1.1 Add "multimodal movie analysis" as a submodule

git submodule init 
git submodule update

Clones the "multimodal_movie_analysis" repo for the feature extraction process

1.2 Install requirements

sudo apt install ffmpeg
pip3 install -r requirements.txt

2. Train

By combining different shot categories; four (one binary and three multi-label) classification tasks are defined.

Tasks

Task Classes
2_class Non_Static (818 shots)
Static (985 shots)
3_class Zoom (152 shots)
Static (985 shots)
Vertical_and_horizontal_movements (342 shots)
4_class Tilt (89 shots)
Panoramic (253 shots)
Static (985 shots)
Zoom (152 shots)
10_class Static (985 shots)
Panoramic (207 shots)
Zoom in (51 shots)
Travelling_out (46 shots)
Vertical_static (52 shots)
Aerial (51 shots)
Travelling_in (55 shots)
Vertical_moving (37 shots)
Handheld (273 shots)
Panoramic_lateral (46 shots)

The experiments were conducted using the dataset mentioned above after creating 4 different tasks:

  • The 2_class task includes the Static and Non-static classes. The former consists of shots that have been annotated as static, while the latter contains all the classes from the original dataset that are associated with any type of camera movement. That is the corresponding sub-classes are: Panoramic Lateral, Vertical Static, Zoom-in, Handheld, Aerial, Vertical Moving, Panoramic, Travelling-in, Travelling-out.
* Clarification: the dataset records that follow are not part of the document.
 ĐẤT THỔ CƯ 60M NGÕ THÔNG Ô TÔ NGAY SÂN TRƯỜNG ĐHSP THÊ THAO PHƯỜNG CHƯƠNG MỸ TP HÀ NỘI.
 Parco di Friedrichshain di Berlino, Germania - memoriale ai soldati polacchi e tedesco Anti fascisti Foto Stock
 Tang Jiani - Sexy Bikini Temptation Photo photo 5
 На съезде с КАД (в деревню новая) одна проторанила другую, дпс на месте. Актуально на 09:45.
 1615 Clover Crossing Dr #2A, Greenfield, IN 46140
  • The 3_class task includes the Static, Zoom and Vertical & Horizontal Movements. The Static class is the one that was used in the aforementioned binary task. The Zoom class consists of the Zoom-in, Travelling-in and Travelling-out sub-classes, which all contain shots in which the perimeter image changes at very fast intervals, while the centre image remains static or changes at a slower rate. The Vertical & Horizontal Movements class consists of the Vertical Static, Vertical Moving, Panoramic and Panoramic Lateral sub-classes from the original dataset, where the position of the camera is moving either in a vertical or in a horizontal way.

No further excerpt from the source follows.